Ces parasites ont des espèces intra-génériques complexes et une grande adaptabilité de l’hôte. Ils peuvent infecter non seulement les rongeurs, les animaux de compagnie, les ruminants du bétail, les volailles et les oiseaux, mais aussi les espèces zoonotiques, qui peuvent infecter les humains, provoquant des symptômes cliniques tels que des douleurs abdominales, de la diarrhée et des vomissements. Ils sont particulièrement sensibles chez les enfants, les personnes âgées, les femmes enceintes et les populations immunodéprimées, et peuvent être transmis par l’eau, la nourriture et l’air, ce qui pose d’importants risques zoonotiques pour la santé publique 3,5,6.
À l’heure actuelle, l’identification des quatre parasites ci-dessus repose principalement sur la morphologie, qui est sujette à des erreurs d’identification en raison de similitudes morphologiques au sein des genres et de facteurs subjectifs, en particulier pour distinguer les espèces et les génotypes. Les techniques de biologie moléculaire ont été largement utilisées pour identifier les espèces, les genres et les génotypes de ces parasites. Pour Blastocystis et Cryptosporidium, la détection se concentre principalement sur la petite sous-unité de l’acide ribonucléique ribonucléique ribosomique (ARNr SSU) gène 3,7,8 ; pour Enterocytozoon bieneusi, le gène 4,9 de l’espaceur transcrit interne (ITS) ; et pour Giardia, les gènes10,11 de la bêta-giardine (BG), de la glutamate déshydrogénase (GDH) et de la triose phosphate isomérase (TPI). Bien que la réaction en chaîne par polymérase (PCR) conventionnelle emboîtée ait considérablement amélioré les capacités d’identification et de typage de ces quatre parasites, elle est insuffisante pour détecter les cas manqués et identifier de nouvelles espèces ou quasi-espèces présentant des caractéristiques génétiques significatives. Cela affecte souvent l’efficacité des enquêtes épidémiologiques, de la transmission et du contrôle des maladies chez les humains, les animaux et d’autres hôtes, ce qui pose de grands défis à la sécurité de la santé publique chez les humains, les animaux et l’environnement.

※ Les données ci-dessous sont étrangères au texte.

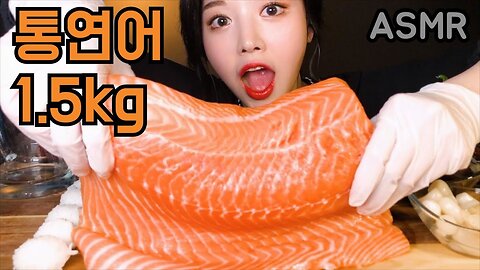 Whole salmon sashimi eating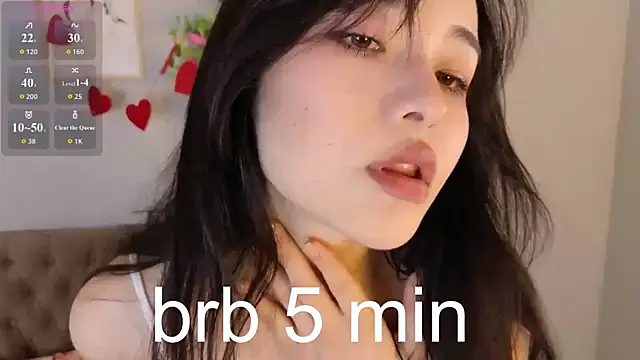 Snapshot of Noiry_Vuvez chatting on June 6, 2026, 8:03 pm Noiry Vuvez online show from June 6, 2026, 8:03 pm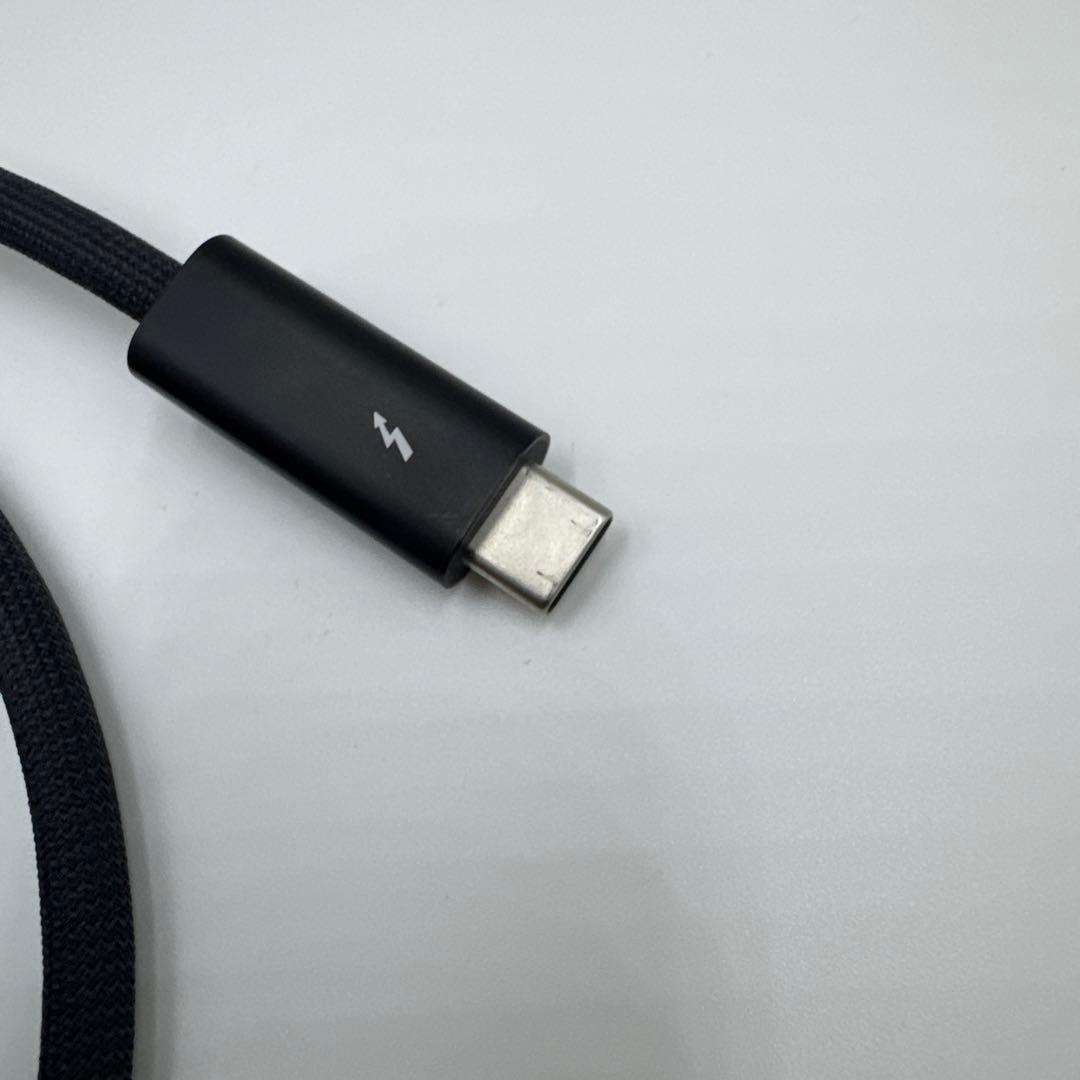 Apple Thunderbolt4 Proケーブル1.8m MN713ZA/A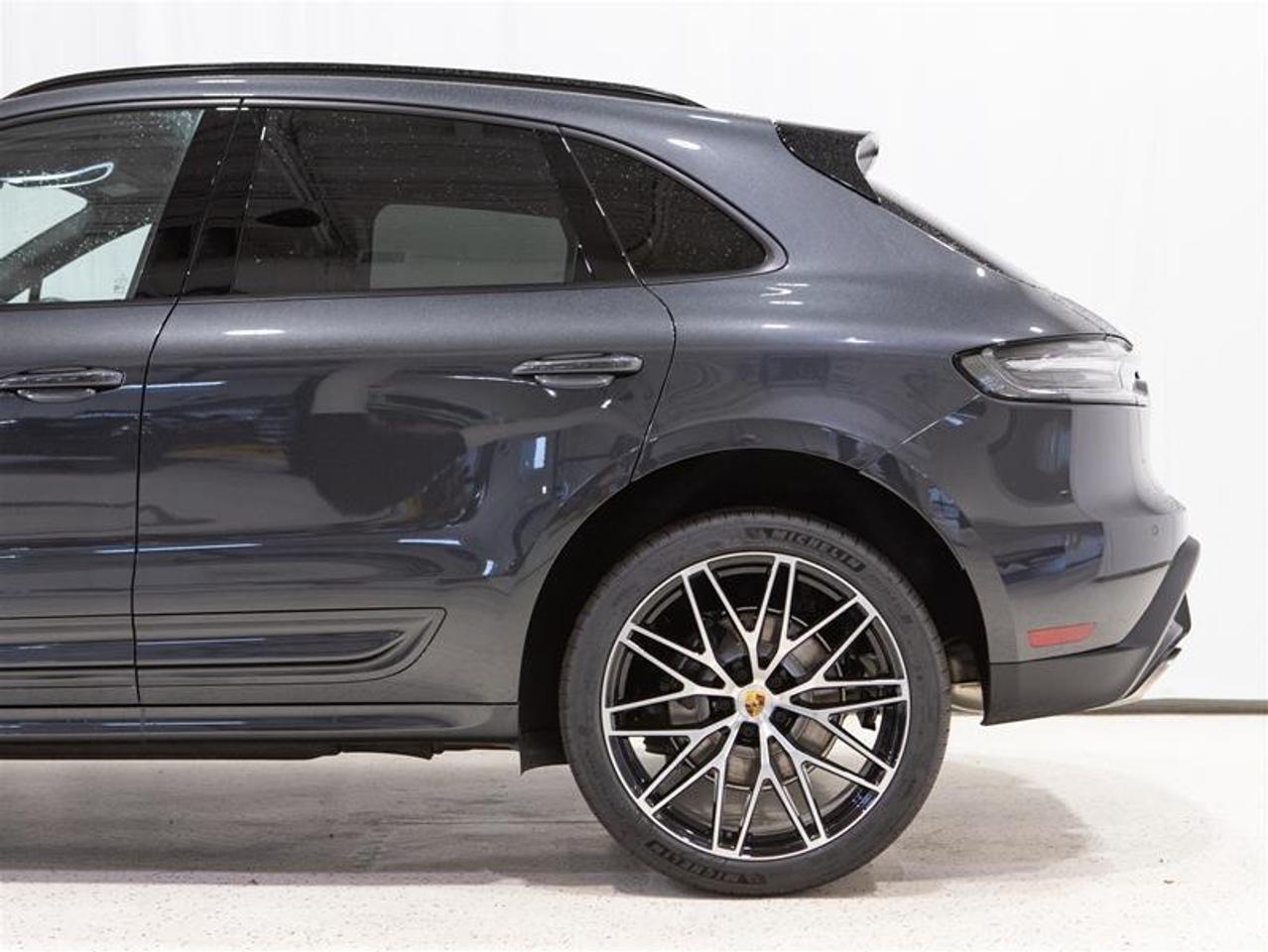 2026 Porsche Macan AWD Photo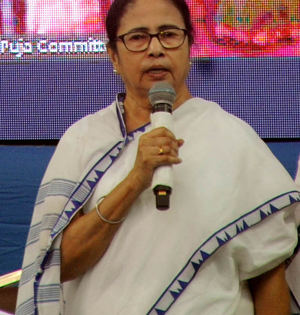 'Irregularities' in land deed distribution process: Bengal CM says those involved will not be spared | 'Irregularities' in land deed distribution process: Bengal CM says those involved will not be spared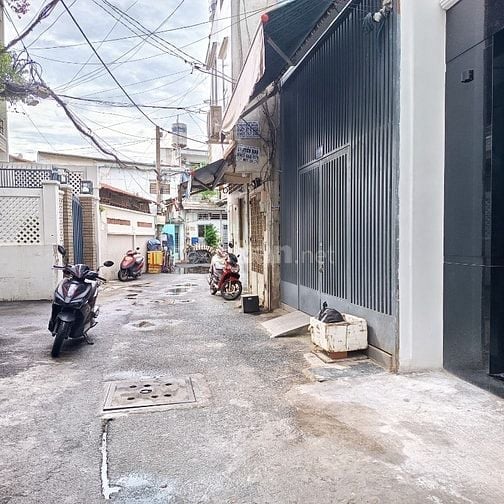 Xe hơi vô nhà - xây mới 4 tầng, 4.3x13m, Nguyễn Văn Nghi - chỉ 8.x tỷ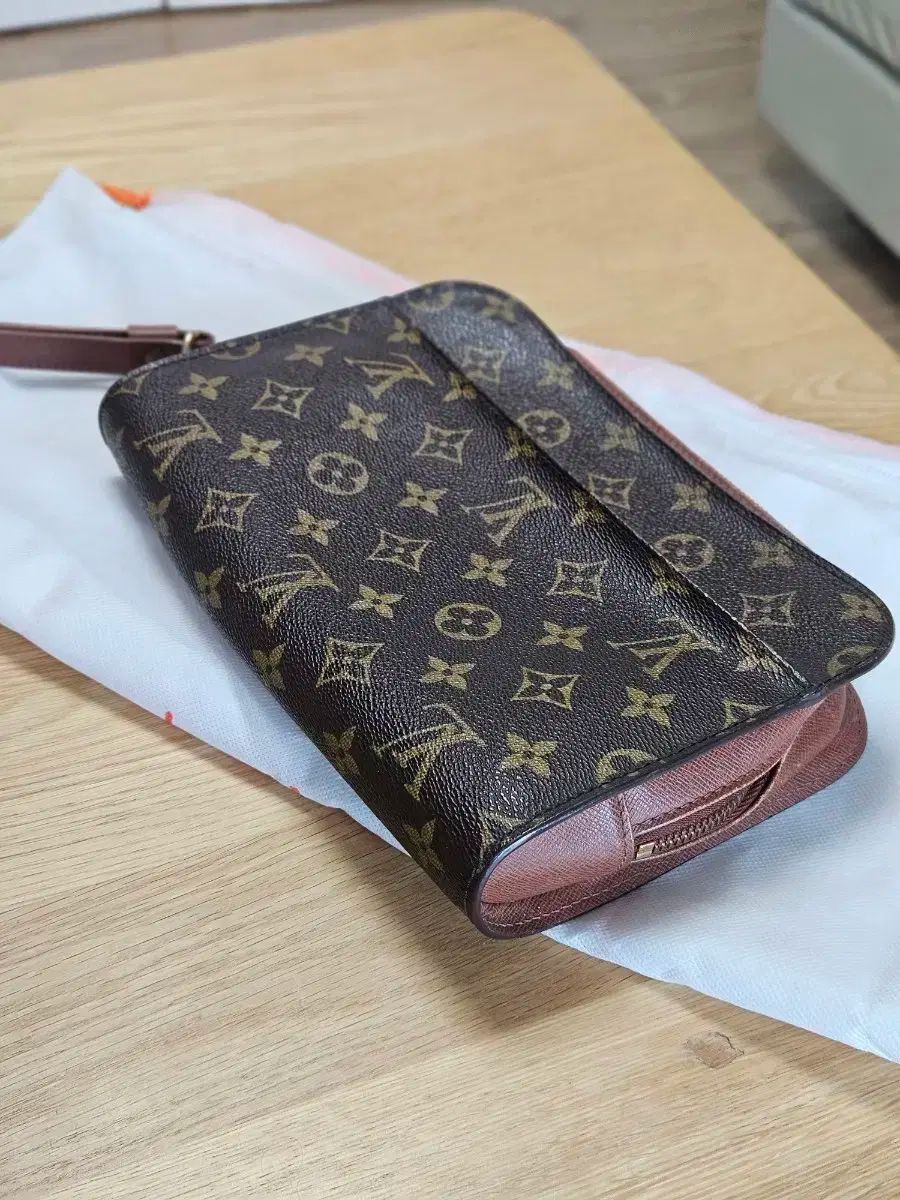Louis Vuitton ルイヴィトン モノグラム クラッチ バッグ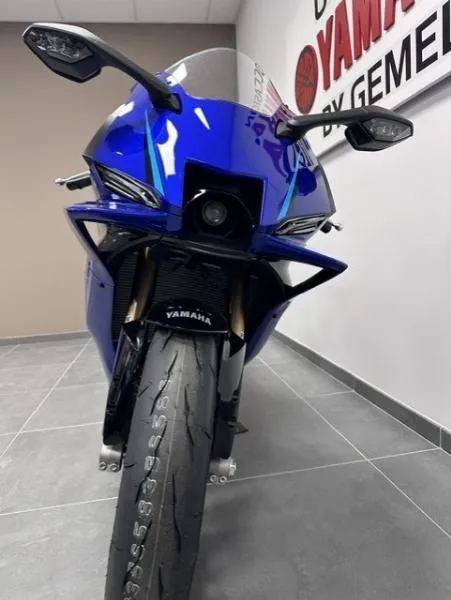 YZFR9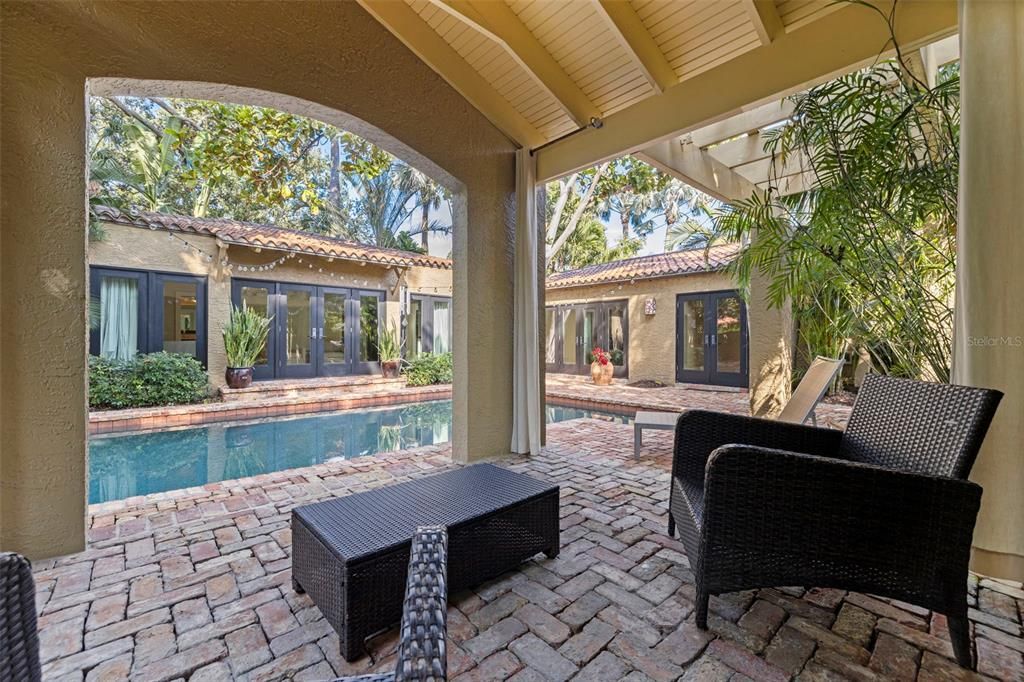 For Sale: $1,795,000 (4 beds, 3 baths, 2698 Square Feet)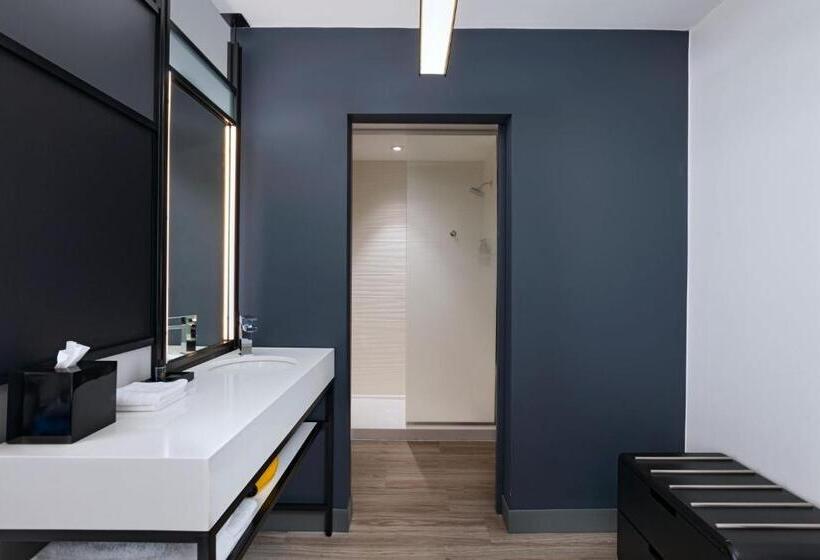 חדר סטנדרט עם מיטת קינג, Aloft Austin Southwest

En raison des similitudes dans les symptômes, les voies de transmission et la gamme d’hôtes de ces quatre parasites, il n’existe pas encore de système moléculaire intégré pour une détection efficace tout en évitant de manquer la détection et en identifiant avec précision de nouvelles espèces ou quasi-espèces présentant des différences génétiques significatives. Cette étude a permis d’établir un système de détection moléculaire intégré mature basé sur la technologie de séquençage à haut débit par PCR en examinant la littérature, pour la détection simultanée des quatre parasites intestinaux zoonotiques dans des échantillons multi-sources (souris sauvages, animaux de compagnie, bovins et moutons). Combiné à l’analyse bioinformatique, ce système a été appliqué pour identifier les parasites intestinaux zoonotiques multisources, surveiller les facteurs épidémiologiques tels que la distribution des infections et l’évolution phylogénétique, et alerter rapidement des infections humaines et animales et de la contamination environnementale.